Dans tous les cas, ce mouvement hors des stades entretient un rapport très conflictuel avec la course sur piste. Il se présente lui-même comme une sorte d’image inversée de l’athlétisme de stade. En fait, alors que la forme plus «classique» de la course à pied dépérit, la course « libre » s’avère elle, redoutable pour attirer de plus en plus d’adeptes. Ces courses sur route connaissent une expansion considérable tout au long des années 80. Elles s’affirment comme un fait social majeur (dans les pays anglo-saxons plus encore qu’en France), amenant plusieurs milliers de personnes à courir dans les rues. Le journal télévisé de 20 heures s’ouvre sur des images des marathons de New-York ou Paris. Alors qu’en 1971 on ne recensait que cinq compétitions hors stade, en 1978 on en comptera près de 500 et en 1981 plus de 800. Elles seront plusieurs milliers au début des années 90.
S’affirme alors un mouvement de masse en faveur d’une course à pied libérée du stade qui, après avoir conquis bois et forêts avec le cross-country, reprend possession du bitume urbain.
Perçu initialement comme une mode dans l’air du temps, cette course à pied populaire s’affirme rapidement comme un moyen puissant de se libérer avant tout du joug des stades et de la rigueur des tours de piste.

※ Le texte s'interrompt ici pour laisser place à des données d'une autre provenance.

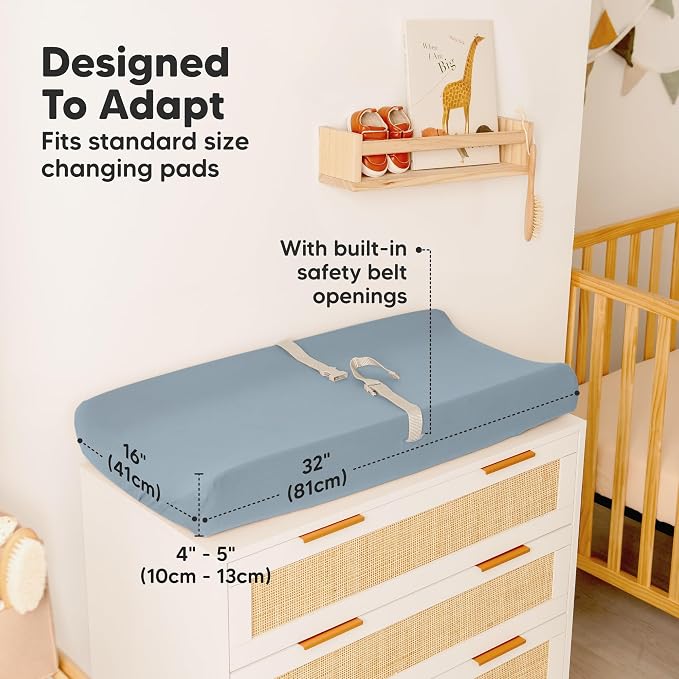 2-Pack Baby Changing Pad Covers - Image 4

Ces pionniers se nomment alors des « coureurs libres »: libérés de la cendrée des stades dont ils franchissent à jamais les portes, libres dans les choix de leurs parcours, libres des contraintes que veulent faire peser sur eux les fédérations sportives qui voient d’un très mauvais oeil l’engouement de quelques fanatiques se muer, en quelques années, en passion déferlante emportant des dizaines de milliers d’adeptes (Bromberger C.,,1998). Un ton plus que jamais novateur est de mise, en faveur des « opprimés» du stade, ceux en quelque sorte qui ne s’y sentent pas bien, parce qu’ils trouvent la pratique trop élitiste, trop enfermée. Inégalement fréquentées, certaines de ces courses rassemblent petit à petit, année après année, des milliers de coureurs dans de grandes épreuves comme Paris-Versailles ou les 20km de Paris tandis que d’autres n’en rassemblent que quelques dizaines. Mais grâce au mouvement ces courses populaires ne se concentrent pas uniquement dans les grands espaces urbains comme la région parisienne ou lyonnaise, ils se diffusent aussi dans toute la province. Ce développement des courses sur route est parallèle bien évidemment à l’augmentation du nombre de coureurs. En France, on estime à près de 1.000 le nombre de compétiteurs hors stade en 1975, à 50.000 en 1984 et à 120.000 au début des années 1990. Ascension vertigineuse qui traduit bien l’engouement progressif que cette pratique a provoqué chez nos compatriotes désireux de lutter contre une sédentarité de plus en plus mal supportée.